Александр Рафаилович Кугель

Для Кугеля велики и бессмертны те драматурги, которые в своем творчестве руководились законами театра. Все в нем предназначено для актера. Это понимали Шекспир, великие испанцы, Мольер, Шиллер, Островский.

Кугеля восхищает «театральность» Островского. Он обнаруживает ее в том, что почти в каждом произведении автора «Леса» и «Бесприданницы» есть четкая градация «черного» и «белого». Благодаря этому создается столь нужная искусству сцены высокая конфликтность, которая и является мощным динамическим толчком для спектакля.

«В театр, — заявляет Кугель, — публика ходит затем, чтобы получить рельефное, пластическое впечатление, чтобы ей было либо тепло, либо холодно, и потому от театра она требует, она не может не требовать, известного нравственного догматизма. Собственно, уже в этом заключается вопрос сценического движения. В противоположность “неподвижности”, проистекающей от того, что нити добра и зла не разобщены, не выделены, а составляют какую-то общую нить жизни, сценическое движение состоит в постоянном контакте двух полюсов заряженного электричества, двух проводов, по которым вечно идут враждебные, взаимно отталкивающие силы».

{31} Снова следует подчеркнуть, что отстаивание подобных взглядов происходило в пору, когда намечалась тенденция к расшатыванию устоев театра представителями антиреалистических направлений, в пору, когда марксистская мысль об искусстве сцены лишь зарождалась. В этих условиях суждения Кугеля об основах театра были, конечно, особенно важны и нужны.

Напоминаю, что аргументация Кугеля обострена, доведена до отказа, так как разговор ведется по преимуществу в сфере полемики. Но основные вехи общих концепций критика остаются такими, какими они сформулированы здесь. Драма — адресуется сцене, драма — подчинена законам театра. А «законы театра суть законы актера».

Поиски театральности, идущей от «законов театра», которые Кугель ищет в истории сценического искусства, в его коренных традициях, побуждают его сказать свое слово об отношении «литературы» и театра. Если одни его антагонисты полагали, что беда театра состоит в том, что он «порабощен» литературой, если другие (Ю. Айхенвальд), со своей стороны, считали, что театр лишь помеха литературе, то Кугель придерживается своей, отчасти средней позиции.

Он считает, что театру нужна та литература, та драма, которая в своем существе и в структурных элементах исходит от театра, понимает его задачи, подчинена его природе. Мы видели, что в понятие желанной, поистине сценической драмы он включает все лучшее, что создано мировой драматургией. Его пиетет к ней очень высок. Но критик убежден, что далеко не вся литература — на пользу сцене.

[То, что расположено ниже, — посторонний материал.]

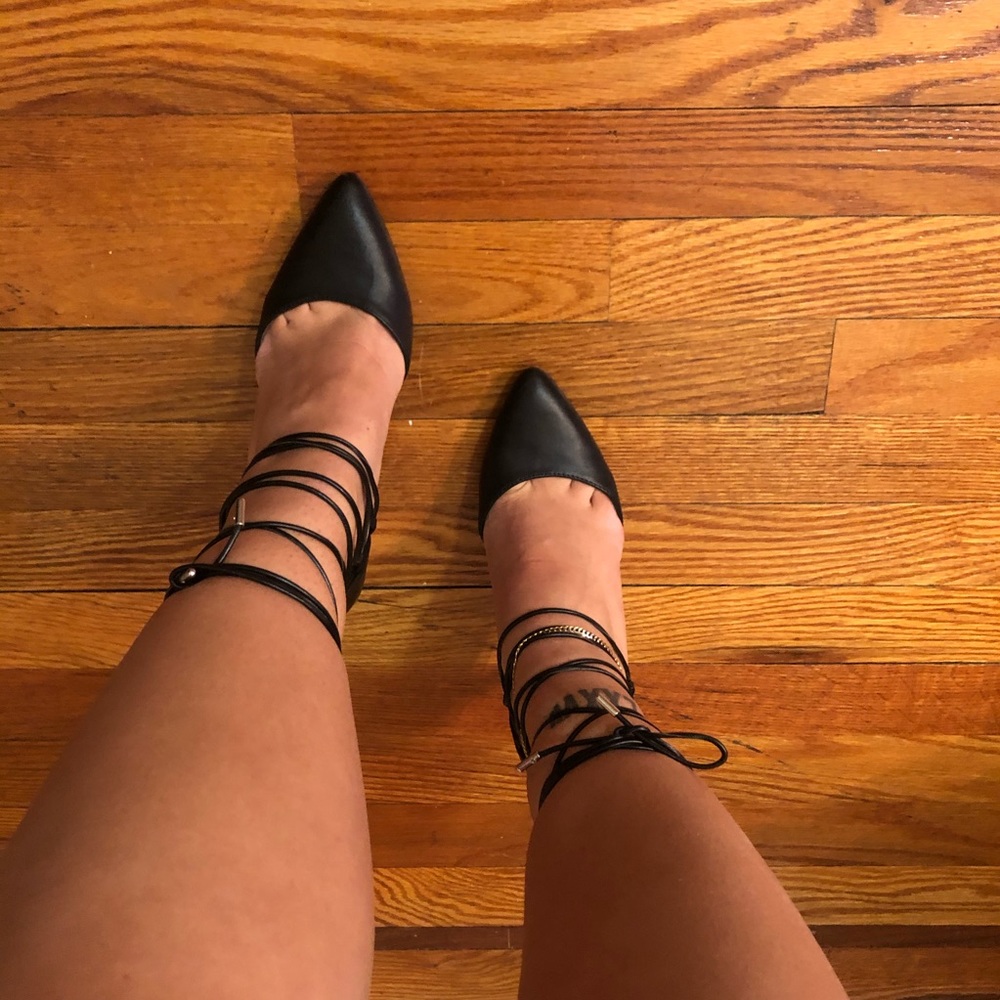 Black heels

Он отвергает то, что противоречит «законам театра», как он их понимает. Он с ревностью традиционалиста отстаивает «театральность» драмы, в своем ограниченном понимании, и отвергает то, что не укладывается на это ложе, подчас становящееся прокрустовым, то, что не вмещается в рамки сценичности, какими он отгораживает театр от некоторых новых для него течений в драматургии.